School leaders' union NAHT NI has responded to a letter from the Education Authority revealing a £300 million funding gap and asking schools to restrict spending, including on substitute cover and new appointments, saying it demonstrates the impossible nature of running schools in the current financial climate and confirms the crisis that school leaders have been talking about for years.
The letter, sent to all school principals, states that "unlike the position in previous years, we have been advised that no further significant funding allocations are likely to be made available" and that the sector is "currently on a trajectory towards a significant overspend at year end."
Schools are being asked to restrict substitute cover, minimise new appointments, avoid discretionary spending and not use accumulated surpluses. The letter acknowledges that the sector is "living with the consequences of years of increasingly unmanageable funding shortfalls" and that warnings about this year's budget "are sadly being borne out by events."

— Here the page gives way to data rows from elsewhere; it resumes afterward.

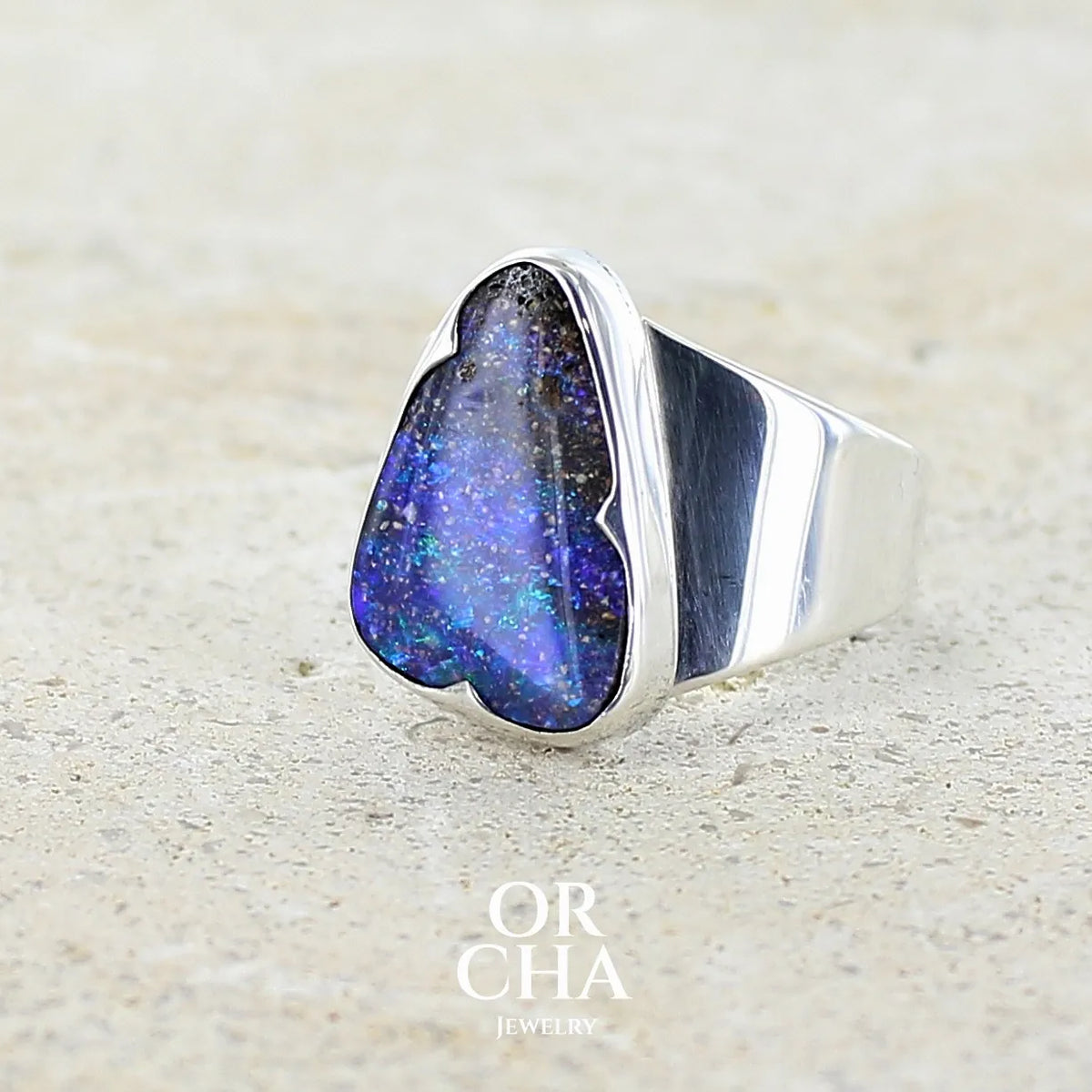 Profil gauche d'une bague pour femme en argent massif 925 sertie d'une opale boulder aux feux multicolores bleus violet et verts. Cabochon d'opale massive naturelle taillée en forme d'aile. Pierre de qualité opaque. Bijoux unique réalisé en taille 58 par Orcha Jewelry.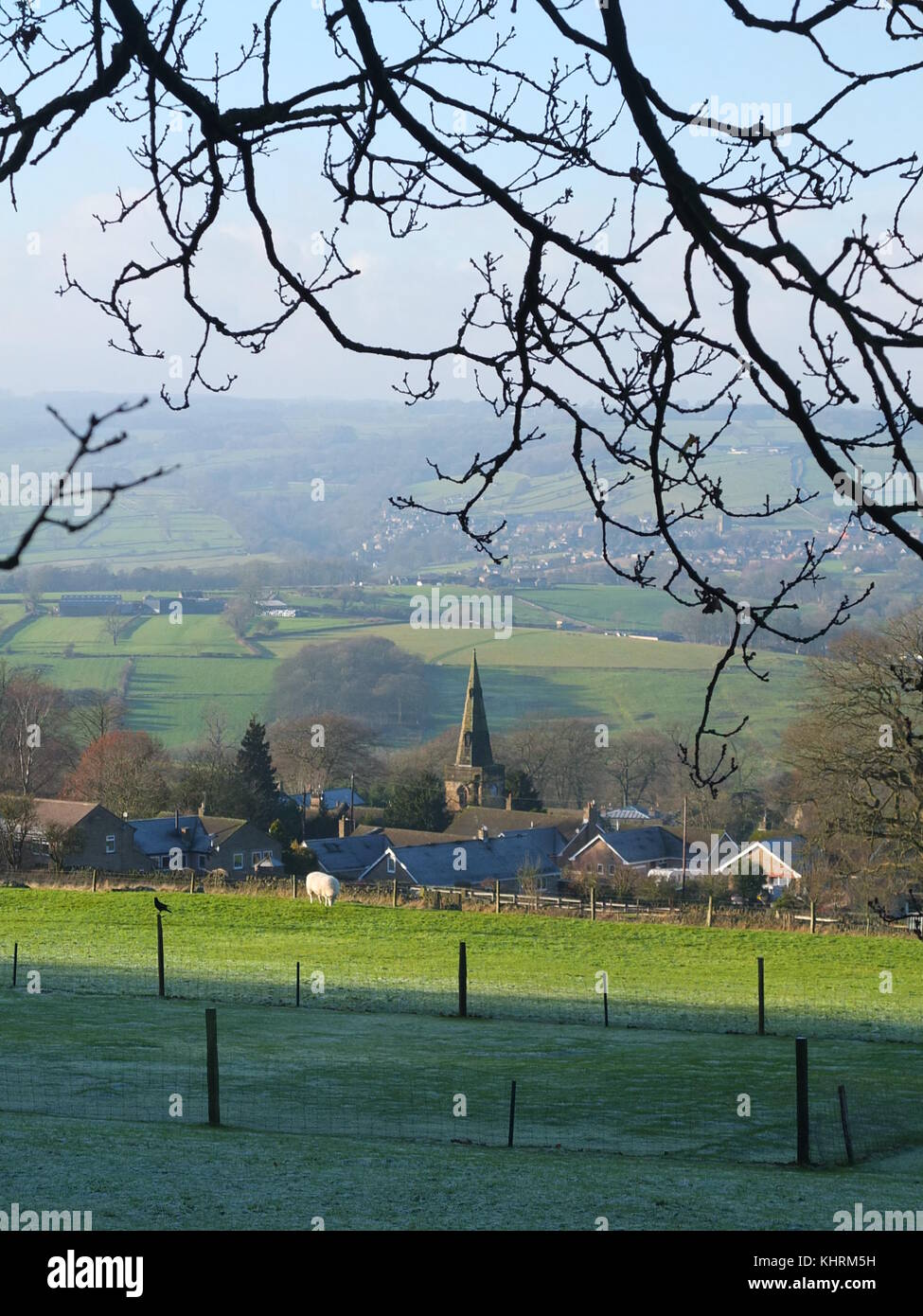 The church and village of Stanton in Peak and surrounding landscape in the Derbyshire Peak District on a frosty winter's day Stock Photo
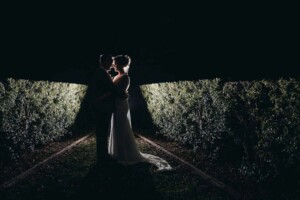 Sydney Wedding - Night photograph of a bride and groom in venue gardens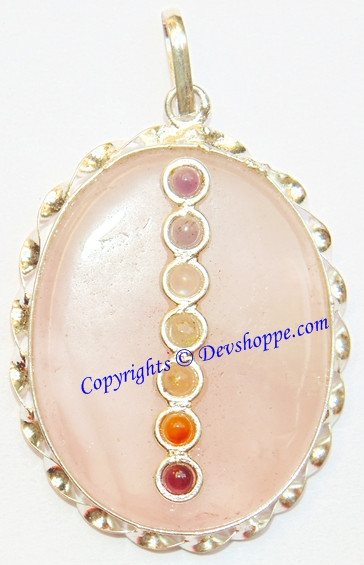 Round rose quartz pendant with gold-tone setting and five chakra bead drops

Dr Graham Gault, NAHT NI national secretary, said: "This letter from the Education Authority lays bare the dire financial reality facing our schools. A £300 million funding gap with no prospect of additional funding represents an education emergency. It is the direct outworking of political choice - both at Westminster and in Stormont - and it is our children who are paying the price.
"School leaders have been warning for years that children in their schools are being failed as a result of political choices not to fund education adequately. This letter confirms everything we have been saying. The situation is now critical, and our children cannot afford this level of failure any longer.
"The Education Authority's own letter acknowledges 'years of increasingly unmanageable funding shortfalls' and admits that warnings about this year's budget are 'sadly being borne out by events.' In other words, this was entirely foreseeable and entirely preventable.
"We are now in a position where schools are being asked to restrict substitute cover when teachers are absent. What does this mean in practice? It potentially means children losing out on their education, larger class sizes school leaders and teachers being stretched even thinner trying to cover gaps. It definitely means further damage to an already overstretched workforce.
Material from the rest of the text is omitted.